The Australian government has ordered several offshore shareholders with close ties to China to immediately divest their holdings in rare earths developer Northern Minerals, marking the second time in two years the country has intervened on national security grounds to protect its critical minerals sector.
Australian Treasurer Jim Chalmers announced the decision on Monday, confirming that six corporate entities have been given a strict 14-day window to dispose of an aggregate 17.5% stake in the mining firm, valued at roughly US$160 million.
The disposal orders target a group of foreign investors—five registered in China or Hong Kong, and one in the British Virgin Islands—including Hong Kong Ying Tak, Real International Resources, Qogir Trading and Service Co., and Vastness Investment Group. Corporate filings indicate that Vastness had unsuccessfully attempted a boardroom coup earlier this year to depose the mining firm’s executive chairman.
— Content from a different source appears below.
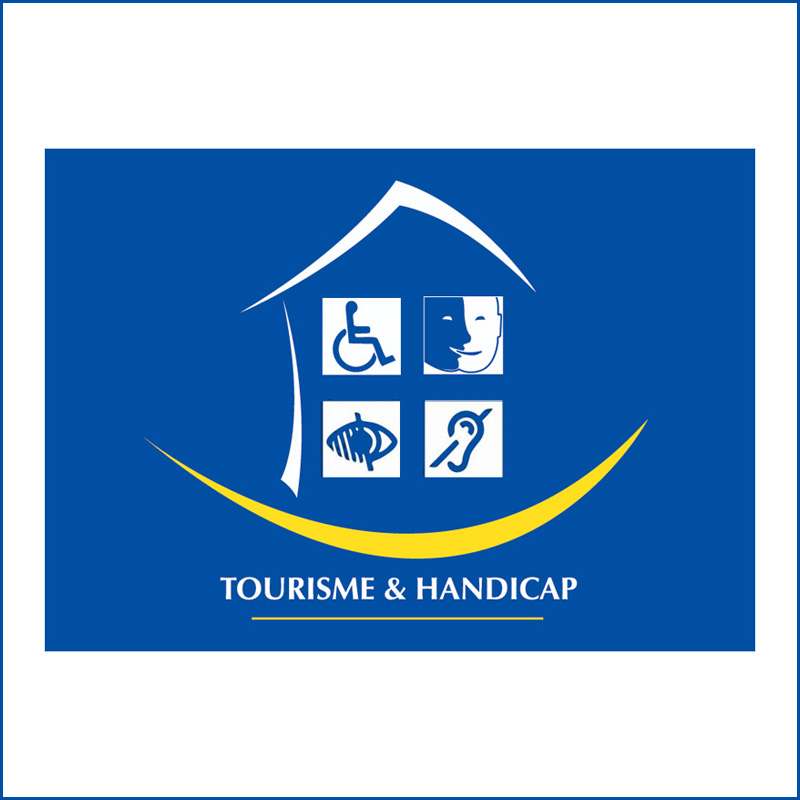 camping labellisé Tourisme et handicap moteur mental auditif visuel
Northern Minerals is currently developing the strategically vital Browns Range heavy rare earths project in the East Kimberley region of Western Australia. The deposit is a primary potential source of dysprosium and terbium—highly coveted, heavy atomic-weight rare earth elements critical for the manufacturing of high-performance permanent magnets used in electric vehicles, wind turbines, defense technologies, and industrial robotics.
The intervention highlights a high-stakes geopolitical tug-of-war as Western governments, led by Australia and the United States, attempt to aggressively decouple and break Beijing’s near-monopoly on the global critical minerals supply chain. Northern Minerals’ development has already garnered substantial financial backing from the U.S. Export-Import Bank as part of a joint U.S.-Australia strategic commodity partnership.
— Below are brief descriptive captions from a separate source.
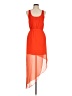 Silence and Noise 100% Polyester Orange Cocktail Dress Size M - photo 1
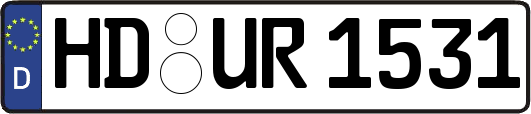 HD-UR1531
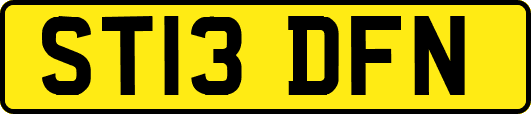 ST13DFN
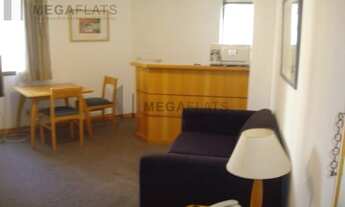 Imagem 4: Flat de 01 dormitório para locação nos Jardins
“This decision was entirely consistent with advice from Treasury and the Foreign Investment Review Board. It is about protecting our national interest and ensuring compliance with our foreign investment framework,” Chalmers told reporters in Brisbane. “We operate a robust and non-discriminatory foreign investment framework, and we will take further action if required to protect our national interest in relation to this matter.”
The targeted shareholders are legally obligated to sell their shares within two weeks to completely unassociated buyers. Regulatory watchdogs suspect the entities were operating as coordinated proxies to covertly circumvent prior foreign investment caps and stymie the company’s independent supply chain projects.